-- What this task involves --
Reproduce the entries in full and exactly. Pictures stay out.

[[ Task input, beginning ]]

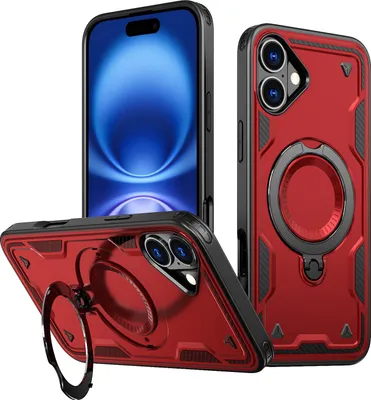 Produktbild von Dual Layer Hülle für iPhone 16 Metall Ring Ständer Magnetisch Stoßfest Militär Handyhülle Rot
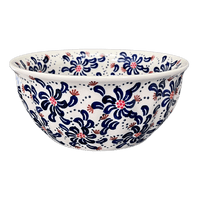 A picture of a Polish Pottery 7.75" Bowl (Floral Fireworks) | M085U-BSAS as shown at PolishPotteryOutlet.com/products/7-75-bowl-floral-fireworks-m085u-bsas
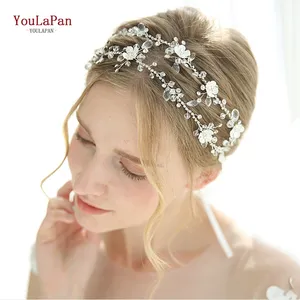 Youlapan HP340 argent alliage fleur strass chaîne cheveux vigne vacances fête couvre-chef boucles d'oreilles mariée mariage cristal bandeau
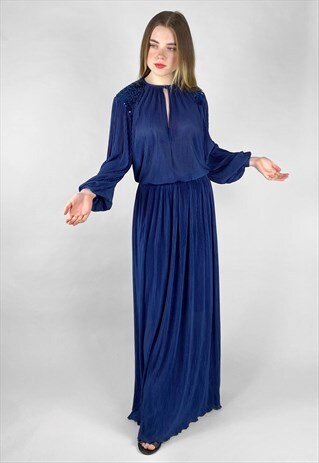 70'S BLUE PLEATED SEQUIN PANEL VINTAGE LADIES MAXI DRESS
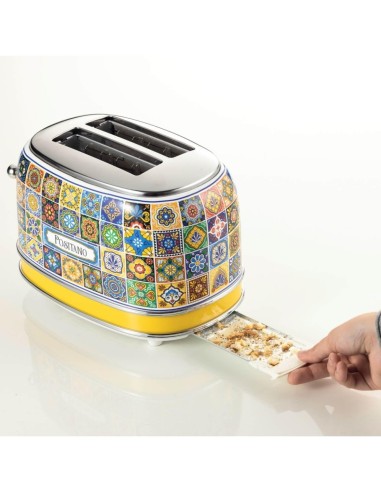 Ariete, Tostapane Positano, 810W, 2 fette, defrost, espulsione automatica, raccogli briciole, stile mediterraneo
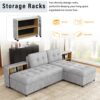 Versatile Sofa Bed Modular Sofa Free Combined Sofa With 2 Storage Racks - Gray - Image 6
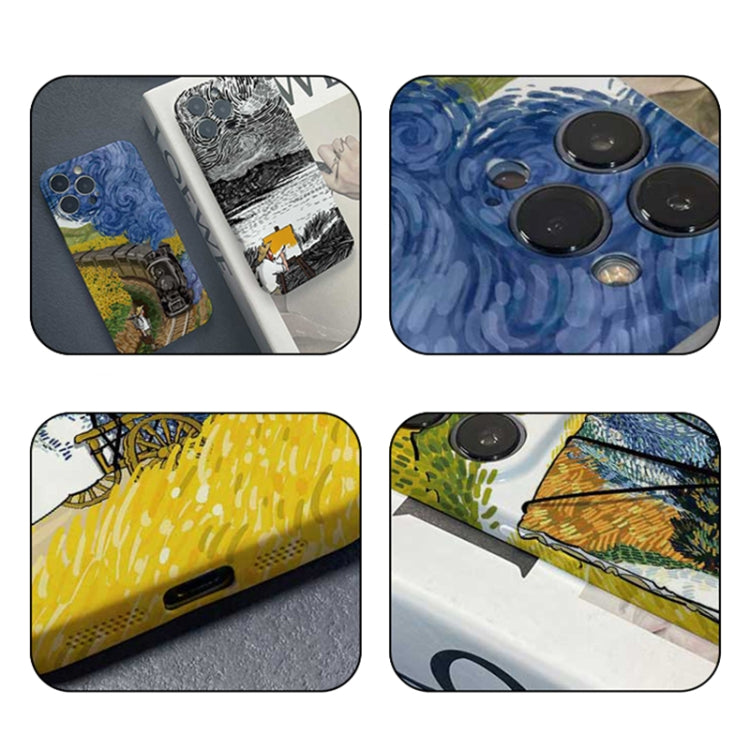 For iPhone 14 Precise Hole Oil Painting Pattern PC Phone Case(Train) - iPhone 14 Cases by PMC Jewellery | Online Shopping South Africa | PMC Jewellery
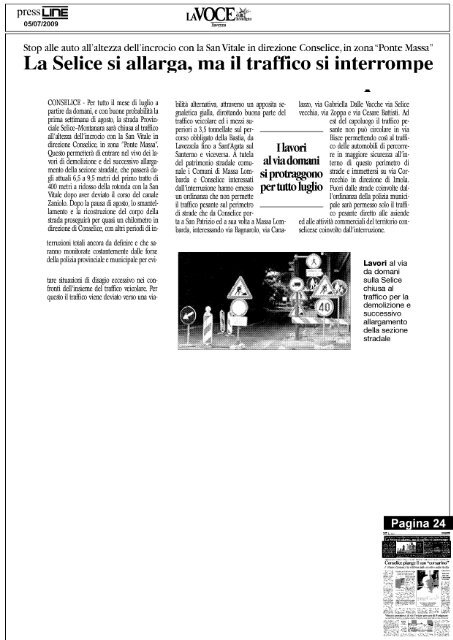 Rassegna stampa del 20090705 - Comune di Massa Lombarda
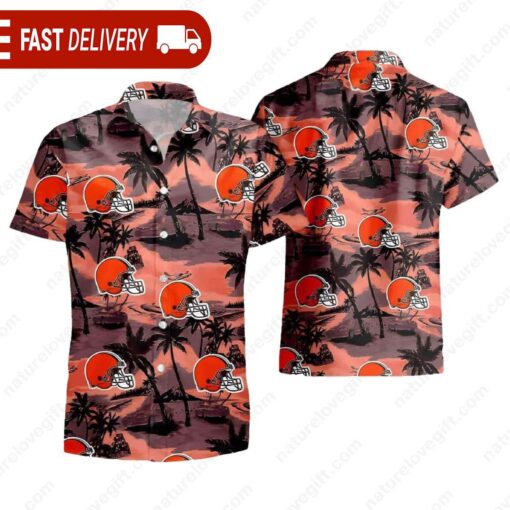 NFL Cleveland Browns Tropical Island Sunset Beach Hawaiian Shirt - available at - sportfansshop.com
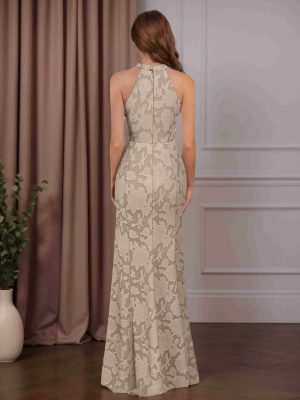 Trumpet/Mermaid Halter Neck Sleeveless Floor-Length Mother of the Bride Dresses with Ruched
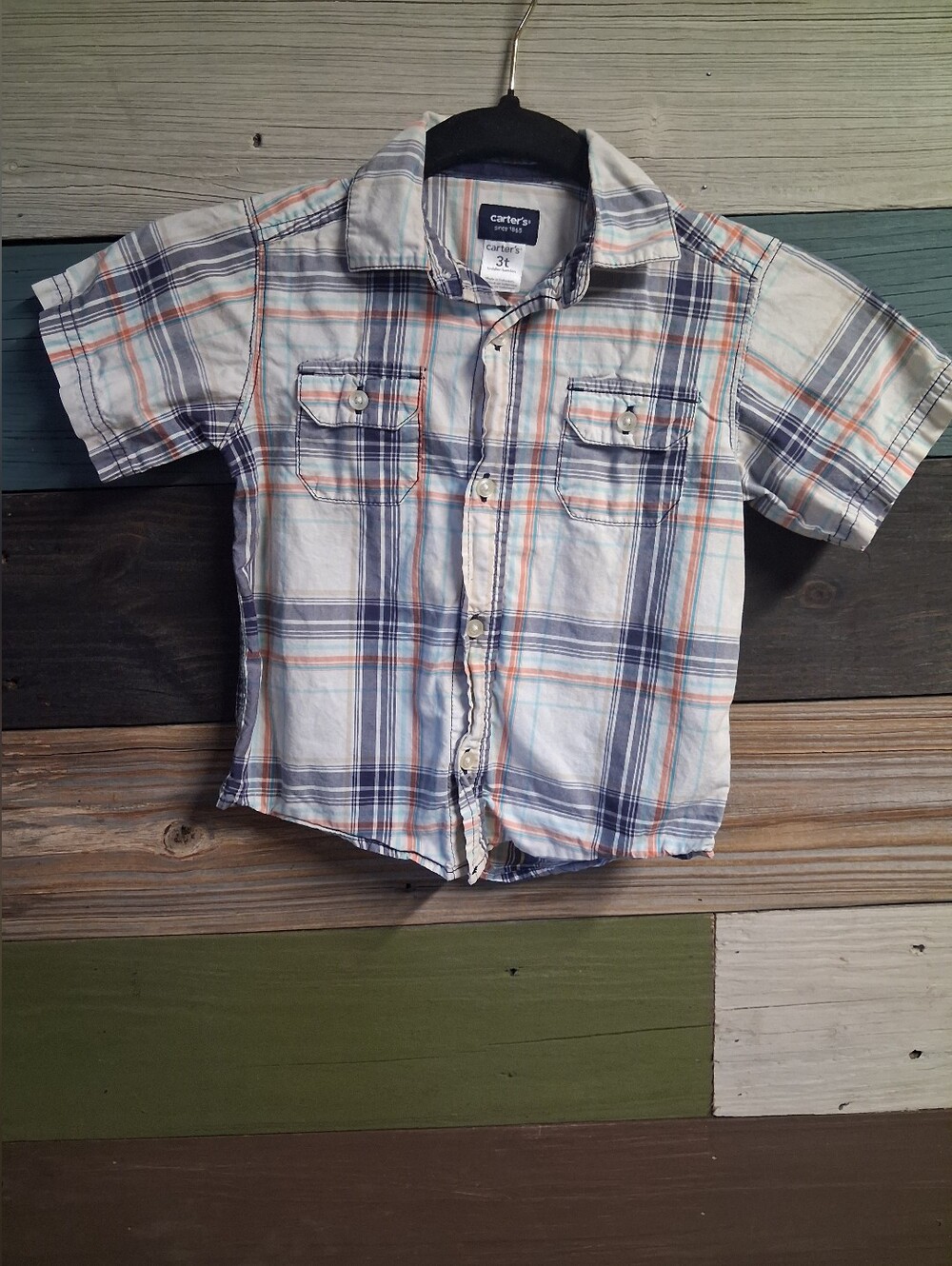 Carter's Short Sleeve Plaid Button-Down Shirt - Blue, Orange & White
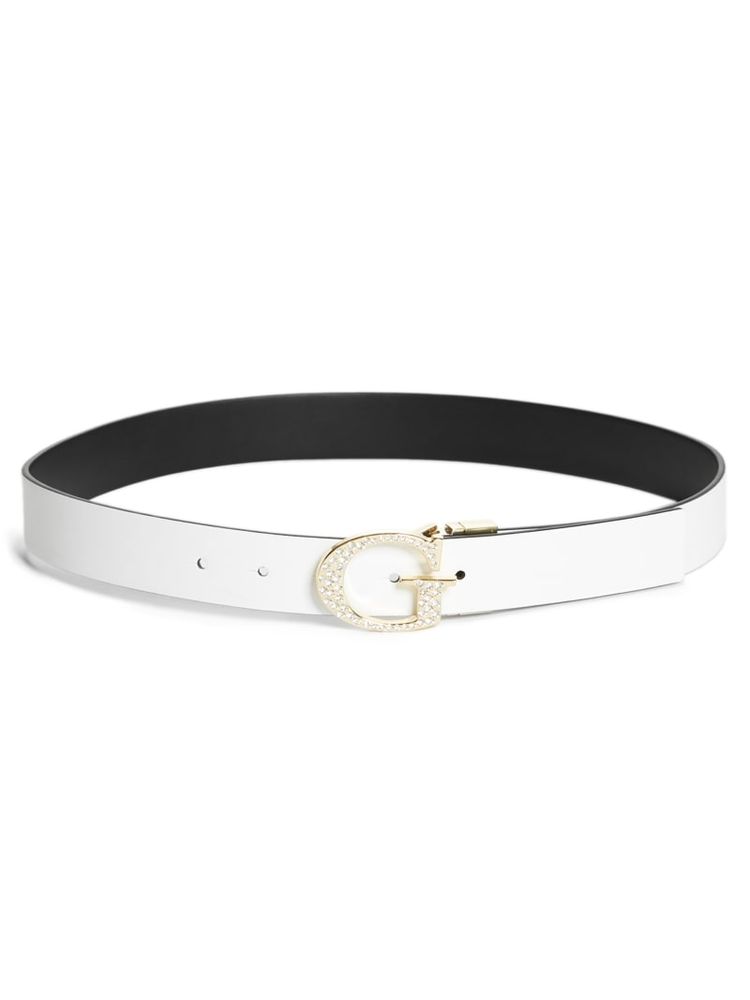 Reversible Rhinestone G-Buckle Belt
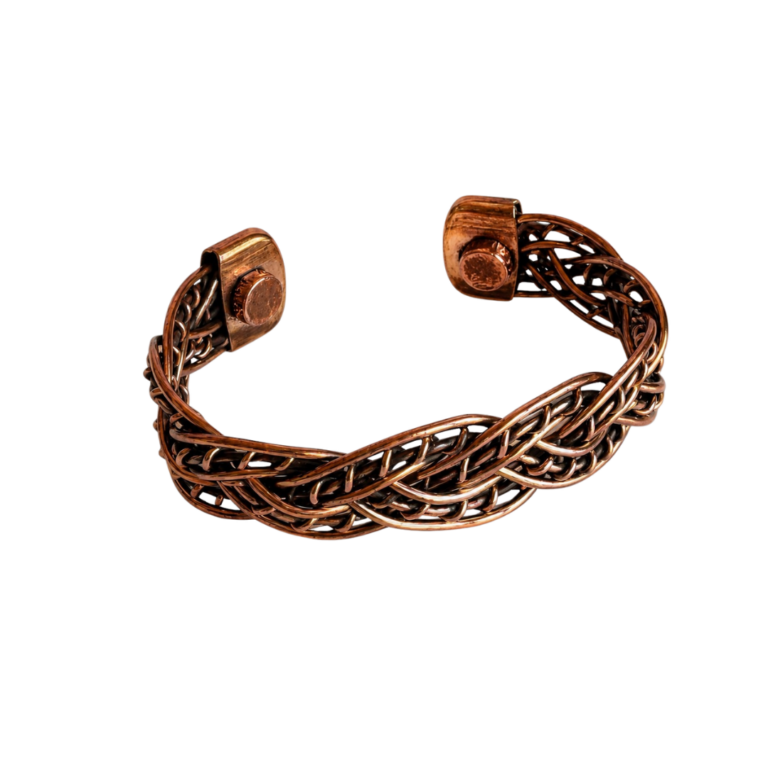 Bracelet en cuivre magnétique tressé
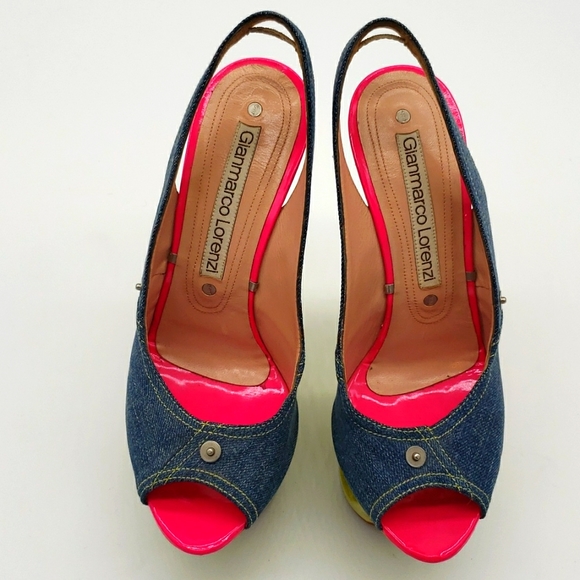 GIANMARCO LORENZI SIZE 39 COLOR BLUE JEANS MATIREAL HOT PINK AND LIME GREEN - Picture 12 of 12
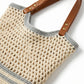 Crochet Tote Bag Open Knit Design Dual Shoulder Straps Slouchy Structured Shape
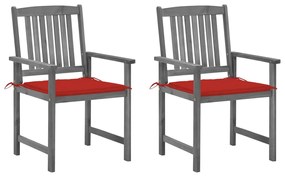 Záhradné stoličky s podložkami 2 ks, sivé, akáciový masív 3061233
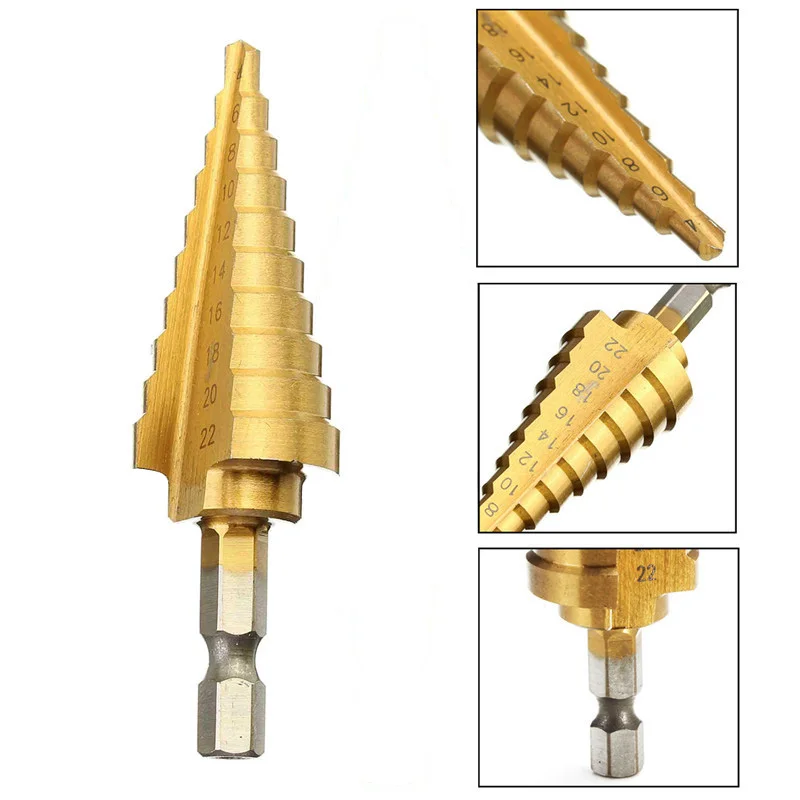 

4-22MM High Speed Steel HSS 4241 Hex Titanium Step Cone Center Drill Bit 6/8/10/12/14/16/18/20/22mm Hole Cutter for Metal Workin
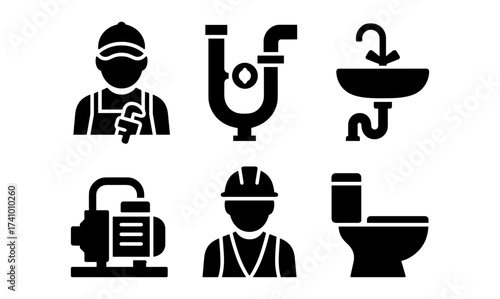 Essential plumbing icons for design projects and educational materials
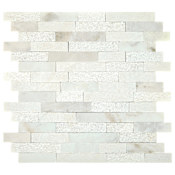 Daltile Minute Mosaix - 12" x 13-3/16" Linear Mosaic Wall Tile - Honed Marble Visual - Sold by Sheet (1 SF/Sheet) Daphne White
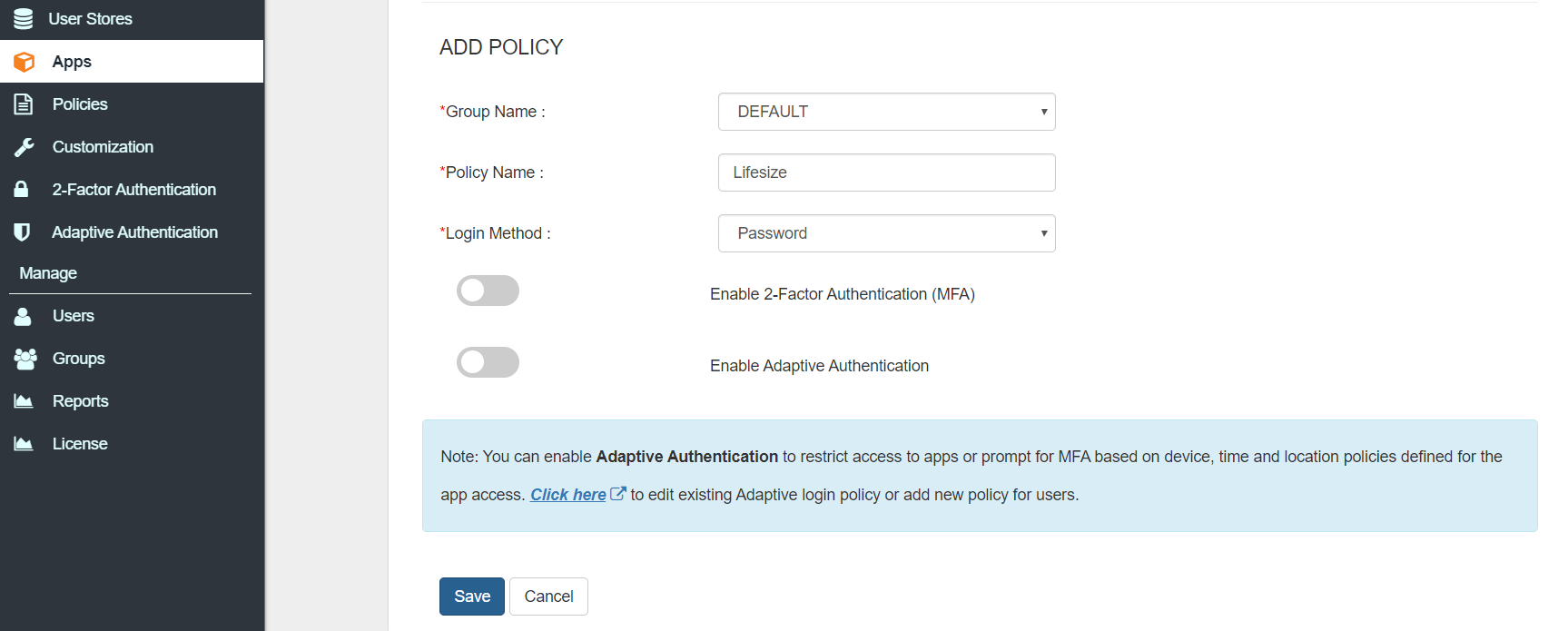 Lifesize Two Factor Authentication (2FA) save configurations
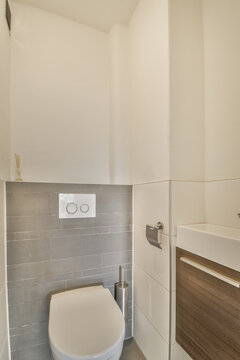 Modern simplified bathroom with elegant fixtures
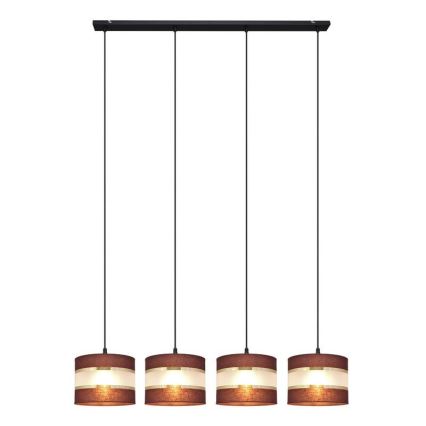 Luster na sajli HELEN 4xE27/15W/230V braon/crno/zlatna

[[ Task input, end ]]

-- Task output --
 Produktbild von Dual Layer Hülle für iPhone 16 Metall Ring Ständer Magnetisch Stoßfest Militär Handyhülle Rot
 A picture of a Polish Pottery 7.75" Bowl (Floral Fireworks) | M085U-BSAS as shown at PolishPotteryOutlet.com/products/7-75-bowl-floral-fireworks-m085u-bsas
 Youlapan HP340 argent alliage fleur strass chaîne cheveux vigne vacances fête couvre-chef boucles d'oreilles mariée mariage cristal bandeau
 70'S BLUE PLEATED SEQUIN PANEL VINTAGE LADIES MAXI DRESS
 Ariete, Tostapane Positano, 810W, 2 fette, defrost, espulsione automatica, raccogli briciole, stile mediterraneo
 Versatile Sofa Bed Modular Sofa Free Combined Sofa With 2 Storage Racks - Gray - Image 6
 For iPhone 14 Precise Hole Oil Painting Pattern PC Phone Case(Train) - iPhone 14 Cases by PMC Jewellery | Online Shopping South Africa | PMC Jewellery
 Rassegna stampa del 20090705 - Comune di Massa Lombarda
 NFL Cleveland Browns Tropical Island Sunset Beach Hawaiian Shirt - available at - sportfansshop.com
 Trumpet/Mermaid Halter Neck Sleeveless Floor-Length Mother of the Bride Dresses with Ruched
 Carter's Short Sleeve Plaid Button-Down Shirt - Blue, Orange & White
 Reversible Rhinestone G-Buckle Belt
 Bracelet en cuivre magnétique tressé
 GIANMARCO LORENZI SIZE 39 COLOR BLUE JEANS MATIREAL HOT PINK AND LIME GREEN - Picture 12 of 12
 Crochet Tote Bag Open Knit Design Dual Shoulder Straps Slouchy Structured Shape
 Záhradné stoličky s podložkami 2 ks, sivé, akáciový masív 3061233

4-22MM High Speed Steel HSS 4241 Hex Titanium Step Cone Center Drill Bit 6/8/10/12/14/16/18/20/22mm Hole Cutter for Metal Workin
 Essential plumbing icons for design projects and educational materials
 Daltile Minute Mosaix - 12" x 13-3/16" Linear Mosaic Wall Tile - Honed Marble Visual - Sold by Sheet (1 SF/Sheet) Daphne White
 Lifesize Two Factor Authentication (2FA) save configurations
 Modern simplified bathroom with elegant fixtures
 Luster na sajli HELEN 4xE27/15W/230V braon/crno/zlatna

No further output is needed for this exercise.